Ces dernières semaines, l’éventualité de voir Maurice Kacou Guikahué (68 ans) se porter candidat a également pris de l’ampleur. Ce cardiologue a profité de la large restructuration du parti, dont il est le secrétaire exécutif, pour se constituer une clientèle de fidèles. Fils d’une famille de planteurs originaires du canton de Guébié, près de Gagnoa, une zone de l’Ouest acquise à Gbagbo, Guikahué passe pour être un fin stratège. Il possède l’avantage de maîtriser parfaitement les structures du PDCI et la psychologie de son chef, dont il est très proche. En 2016, il a été élu député à Gagnoa. « Mais les réalités sociologiques du parti font qu’il lui sera difficile de faire l’unanimité », juge un quadra du PDCI.

Enfin, à bientôt 77 ans, diminué par des problèmes de santé, Charles Konan Banny ne fait plus d’une candidature à la présidentielle d’octobre 2020 une priorité, mais il n’exclut pas de s’ériger en recours si Bédié devait renoncer. Bien qu’il n’ait jamais exercé de mandat local, l’ancien Premier ministre est très influent chez les Baoulés. Il se voit aussi renforcé par le départ annoncé de Jeannot Ahoussou-Kouadio. Néanmoins, personne au sein du PDCI n’a oublié qu’en 2015, passant outre la consigne édictée par le leader de son propre camp, il avait présenté sa candidature à la présidentielle face à Ouattara. Il s’était finalement retiré in extremis, mais l’affront a provoqué une cassure au sein du PDCI qui aura duré de longs mois.


Pour Thiam, c’est non !

Le Franco-Ivoirien Tidjane Thiam. © Ennio Leanza/AP/SIPA

Le Franco-Ivoirien Tidjane Thiam. © Ennio Leanza/AP/SIPA

Tidjane Thiam est réticent. Il faut le rassurer, et Henri Konan Bédié est le seul à en être capable

Courtisé depuis 2012, le patron de Credit Suisse a plusieurs fois affirmé qu’il n’entendait pas se lancer en politique. « Je suis à la fois touché et honoré par toutes les marques d’affection et de soutien exprimées récemment à mon égard par nombre de mes compatriotes ivoiriens, déclarait-il en septembre 2018. Je les en remercie bien sincèrement. J’ai dit à plusieurs reprises et depuis de nombreuses années ma détermination à ne pas avoir d’activités politiques. »

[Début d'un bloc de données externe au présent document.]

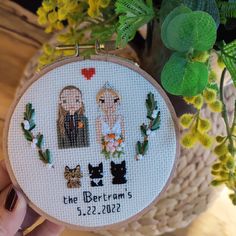 the bride and groom are depicted in this hand embroidered wedding ornament, which is surrounded by greenery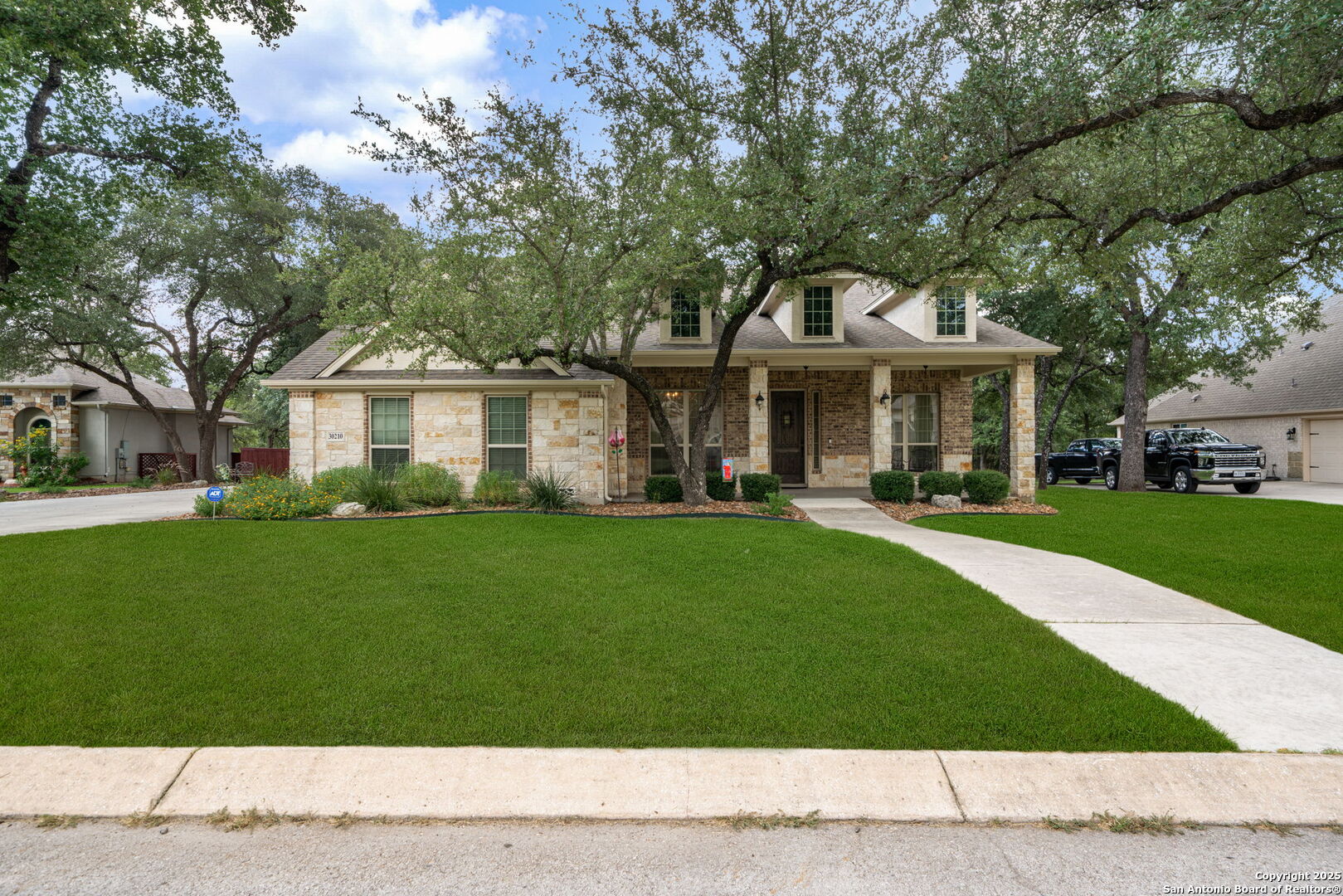30210 Setterfeld Circle Fair Oaks Ranch, TX 78015 - Photo 30 of 30 a front view of a house with a yard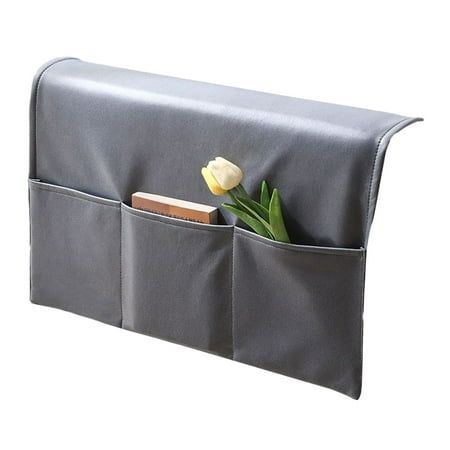 a gray purse with two pockets and a flower in it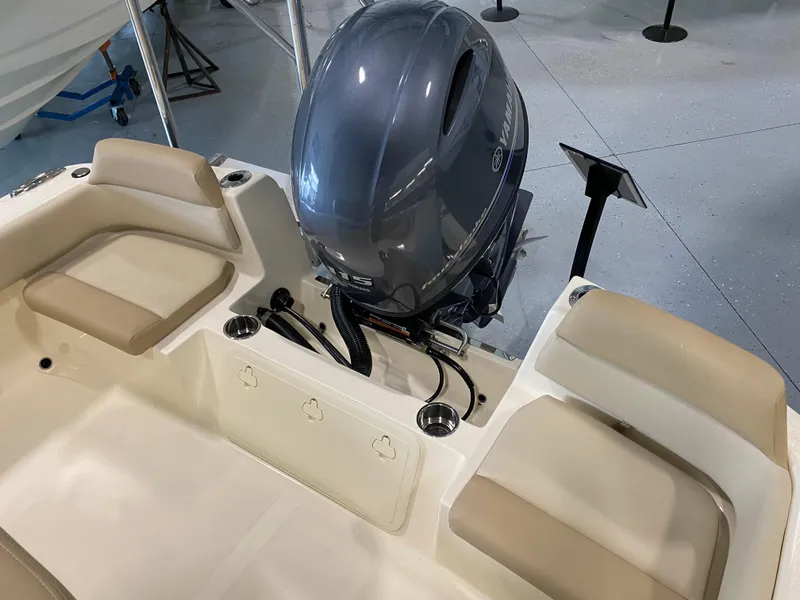 Slide: The Image of 2025 Scout 195 Sportfish boat with outboard motor and cushioned seating. - 5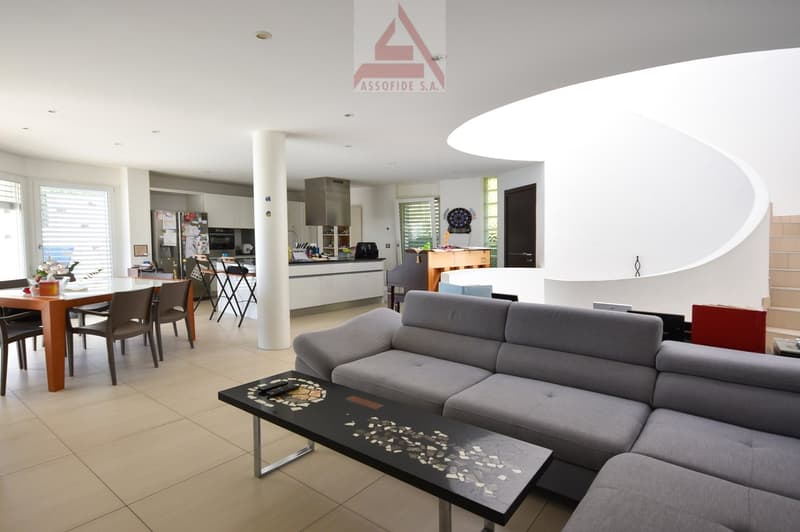 modern interior design, dining table, couch, tiled flooring, white walls, white kitchen cabinet, fridge, dartboard, staircase, windows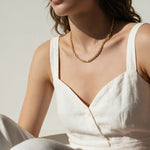 gold rope chain on model, twisted rope chain necklace, classic gold chain necklace, collarbone length chain, everyday gold necklace, layering chain necklace, unisex gold chain, medium rope chain, gold chain with lobster clasp, timeless gold jewelry, women’s gold rope chain, minimalist gold necklace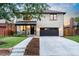Beautiful two-story stone house with a well-manicured lawn and a dark gray garage door at 1157 Jersey St, Denver, CO 80220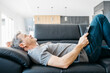 © Josep Rovirosa/Westend61 - Smiling mature man with digital tablet day dreaming while lying down on sofa in living room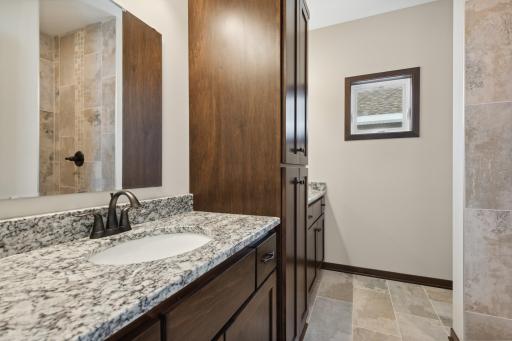 MODEL PHOTO - This home has WHITE CABS. Fine features meet functionality in your private bathroom with vanities separated by custom cabinet for all your toiletries and bath towels!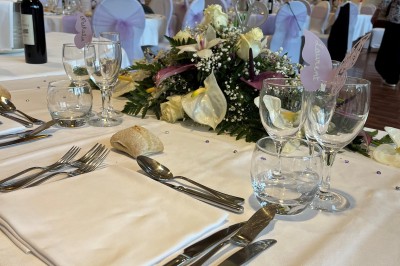Un couple danse au centre d'une salle de réception éclairée par des lumières colorées et des étincelles.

Selon nos sources, sa position n’a pas évolué, même si certains cadres du PDCI ne désespèrent pas d’arriver à le convaincre d’être candidat en 2020. Une personnalité du parti devrait dans les prochaines semaines se rendre à Genève pour le rencontrer. « Tidjane Thiam est réticent, mais il faut réussir à trouver les mots. Il faut le rassurer, et Henri Konan Bédié est le seul à en être capable », affirme un proche de l’ancien président.


Irréconciliables ?

Le 8 août, Henri Konan Bédié a rendu visite à Alassane Ouattara dans sa résidence du quartier de la Riviera (photo d'illustration). © Présidence de Côte d’Ivoire

Le 8 août, Henri Konan Bédié a rendu visite à Alassane Ouattara dans sa résidence du quartier de la Riviera (photo d'illustration). © Présidence de Côte d’Ivoire

Depuis plusieurs semaines, les tentatives se multiplient pour renouer le dialogue entre Henri Konan Bédié et Alassane Ouattara. Le chef de l’État a reçu les chefs traditionnels à Yamoussoukro, le 24 avril. Une semaine plus tard, une délégation de chefs issus des régions des Lagunes, des Grands Ponts et du Sud-Comoé s’est rendue à Daoukro.

Selon nos sources, le Conseil supérieur des imams de Côte d’Ivoire (Cosim) de Cheick Boikary Fofana pourrait également prendre une initiative pour tenter de faire baisser la tension entre les deux anciens alliés. Leurs épouses respectives, Henriette et Dominique, y sont favorables.